Dalla Leopolda della rottamazione a quella di Governo.

La Leopolda, da sempre, è il “termometro” del renzismo. Lo scorso anno, dopo il non felice esordio di Bari per la campagna elettorale del congresso per la segreteria del PArtito Democratico, proprio qui a Firenze Matteo Renzi ritrovò i tempi e i modi per dare l’assalto all’eredità di Epifani e Bersani.

Oggi, Renzi arriva qui – per la quinta volta – da Presidente del Consiglio. Traguardo non immaginabile nel 2010, quando due ragazzi di 35 anni da un palco si misero in testa di sfidare tutto un partito. L’altro “ragazzo” era Giuseppe Civati, forse oggi unica (piccola) isola di opposizione allo strapotere di  Matteo Renzi all’interno del Pd. Insieme l’otto dicembre del 2013, presero al congresso più dell’ottanta per cento del consenso del “popolo delle primarie”.
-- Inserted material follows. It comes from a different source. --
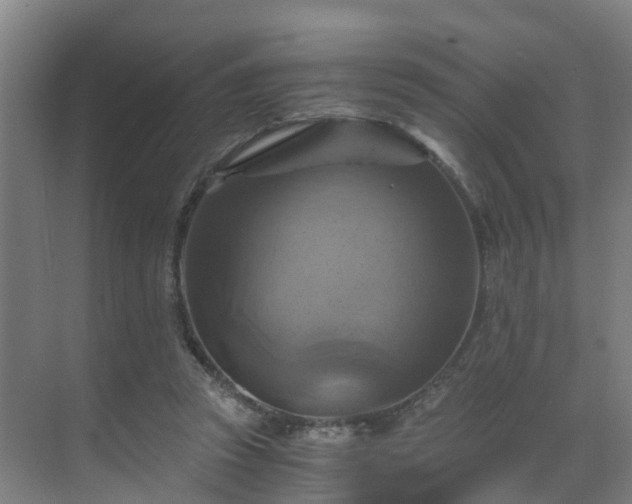 X0000069810353200605261754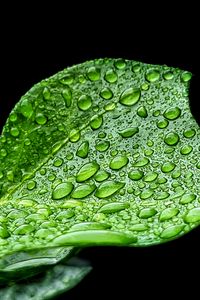 Превью обои лист, капли, дождь, макро, зеленый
Dal 2010 è passata un’era geologica. Ma – paradossalmente – l’unica cosa rimasta “quasi” uguale è proprio la Leopolda. Certo, possono cambiare alcuni protagonisti, alcuni visi, il peso di alcune persone all’interno dell’organizzazione della macchina, ma lo spirito – almeno fino allo scorso anno – era rimasto uguale.

La scommessa – un anno fa – era portare la Leopolda dentro il Pd. La scommessa oggi è vedere se Palazzo Chigi ha cambiato la Leopolda. E le sfide non sono poche, sotto questo punto di vista.
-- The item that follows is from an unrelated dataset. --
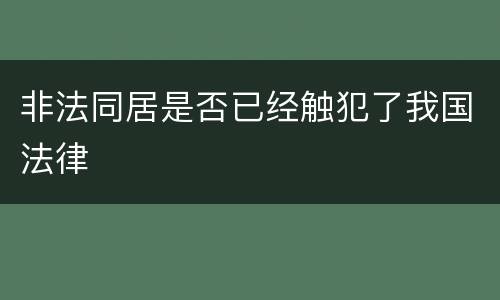 非法同居是否已经触犯了我国法律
Prima di tutto perché La Leopolda non è mai stato un luogo “dei” e “per” i politici. Qui è il luogo in cui sul palco sale la società civile, gli imprenditori, i “giovani” (ma ormai ci siamo fatti vecchi un po’ tutti), i visionari, e tante “meteore”. Eppure oggi alla Leopolda è atteso mezzo governo. Ed è una contraddizione in termini.

In secondo luogo la Leopolda è da sempre il luogo di incontro di chiede il rinnovamento. Il cambiamento del paese. Di chi questo paese voleva non solo “rottamarlo”, ma rivoluzionarlo. Ecco, ora però al governo c’è il padrone di casa. E sarà alquanto complesso tenere insieme la richiesta di cambiamento, con la responsabilità di governo. Forse, dopo appena 8 mesi, alcune “proposte” possono ancora non trasformarsi in critica per chi governa, ma questo spazio è destinato, ovviamente, a ridursi.
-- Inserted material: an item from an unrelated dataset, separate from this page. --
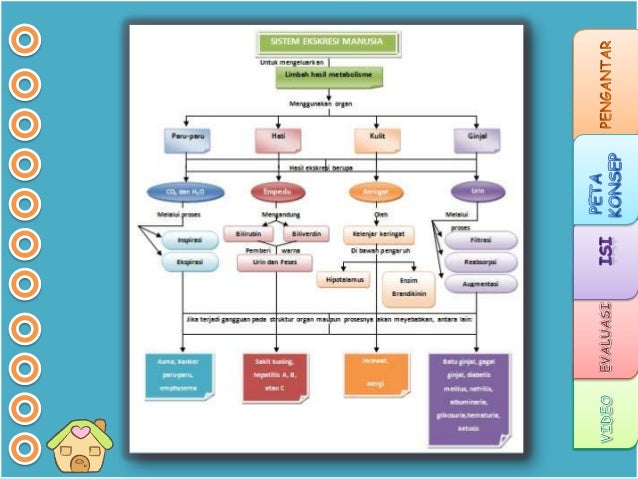 My Ppt Sistem Ekskresi Show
In terzo luogo, la Leopolda è il luogo del conflitto. Della contrapposizione. Contro il partito. Contro l’establishment. Contro chi ha governato il paese per anni: “per venti anni sempre gli stessi”. Ecco qui Renzi dovrà tirare fuori il coniglio dal cilindro. Dovrà essere in grado di coniugare l’essere a Palazzo Chigi, incarnare quindi l’establishment, e un nemico (L’Europa? La burocrazia? Il sindacato?) al quale contrapporsi.

Siamo pronti a puntare i nostri (pochi) soldi sul fatto che il Presidente del Consiglio, almeno dal punto di vista comunicativo, riuscirà a tenere insieme tutte le contraddizioni che abbiamo elencato. Ma siamo altrettanto sicuri che con il tempo, mantenere insieme tutto e il contrario di tutto, diventerà sempre più complicato.

Ma oggi, Matteo Renzi, come quel giocatore di tennis che non ha nessuno dall’altra parte della rete, può permettersi quasi tutto.